The Citizens ruling upended more than a century of efforts to reform the system and keep elections clean. When corporations began financing party machines around the turn of the century and the electorate rebelled, President Theodore Roosevelt, an ardent progressive, spoke out forcefully, and Congress in 1907 passed the Tillman Act. The law prohibited corporations and national banks from contributing money to federal campaigns. Later laws required campaign finance disclosures, and the Taft-Hartley Act (1947) expanded the corporate money ban to labor unions. In 1971, Congress relaxed this outright ban and opened the door to what became known as Political Action Committees. These allowed corporations and unions to gather voluntary electioneering funds from employees and members so long as they were segregated from the general treasuries.
As is often the case, a mammoth government scandal pushed reform forward. Soon after Watergate resulted in the resignation of President Nixon, Congress enacted strict limits on federal campaign contributions. What was Watergate’s money connection? Investigators found that contributions to Nixon’s Committee to Re-Elect the President had been diverted to finance a team of burglars that picked the locks at Democratic National Committee headquarters to bug the place.
A critical legal test came two years after Nixon’s downfall. In Buckley vs. Valeo, the Supreme Court upheld contribution limits because they served the government’s interest in safeguarding the integrity of elections. The justices also ruled, however, that corporations and unions could use general funds for election communications after all, so long as they did not advocate the election or defeat of a particular federal candidate.
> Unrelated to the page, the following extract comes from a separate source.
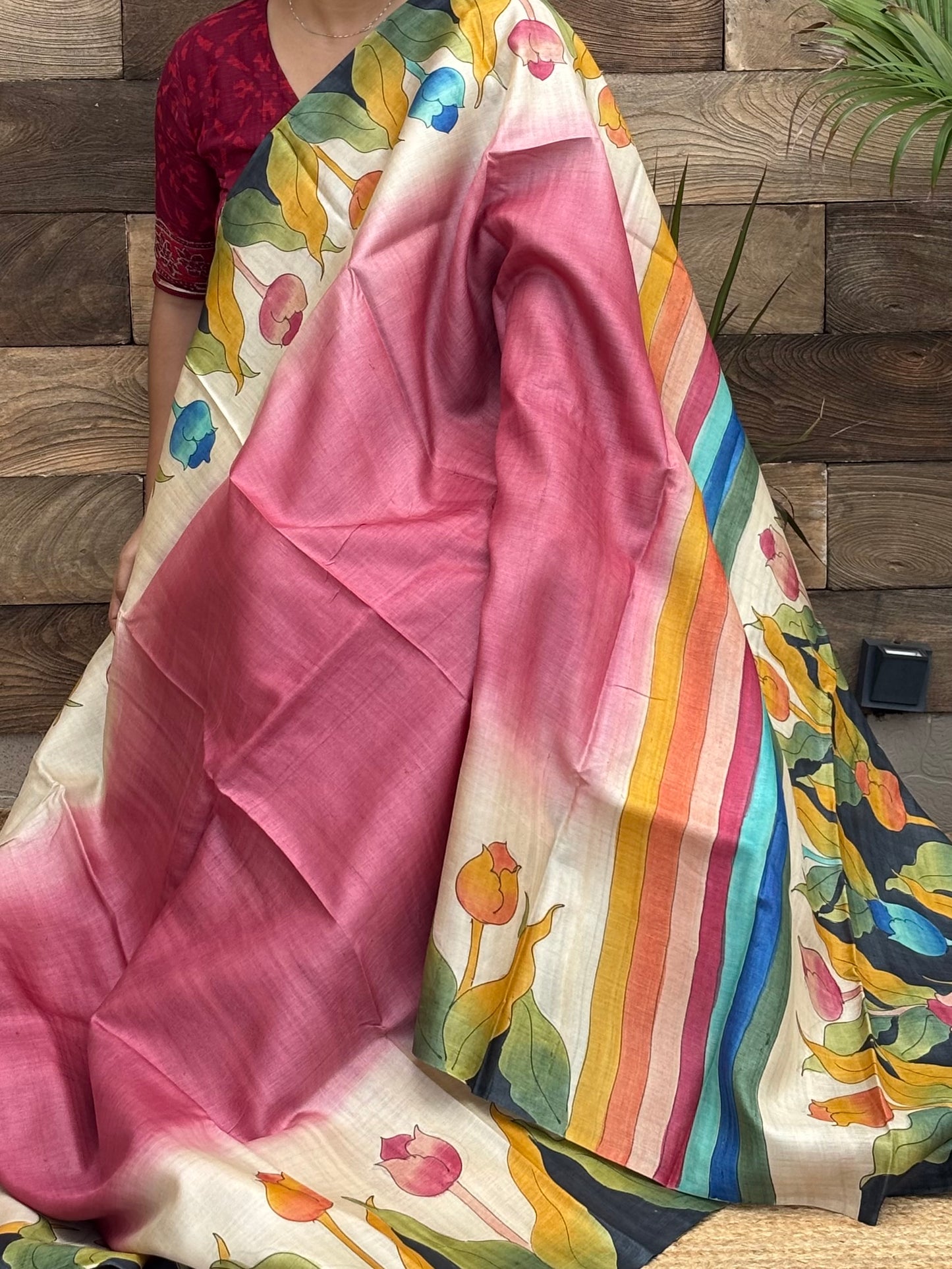 Pure tussar Silk Hand painted Saree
The reversal of Buckley by Citizens and McCutcheon must have Teddy Roosevelt bellowing from the grave. Many commentators believe it will take another monumental scandal, like those that spawned the Progressive Era, plus a sustained public outcry, to turn the tide against unlimited injections of money into federal campaigns. For now, Robert Mercer is to be congratulated. His personal investment in a single advocacy group paid off, leaving the rest of us to scratch for a more perfect union against the power of billionaires and the Fortune 500.
The system is rotten, and everyone knows it. Everyone, that is, except Anthony Kennedy.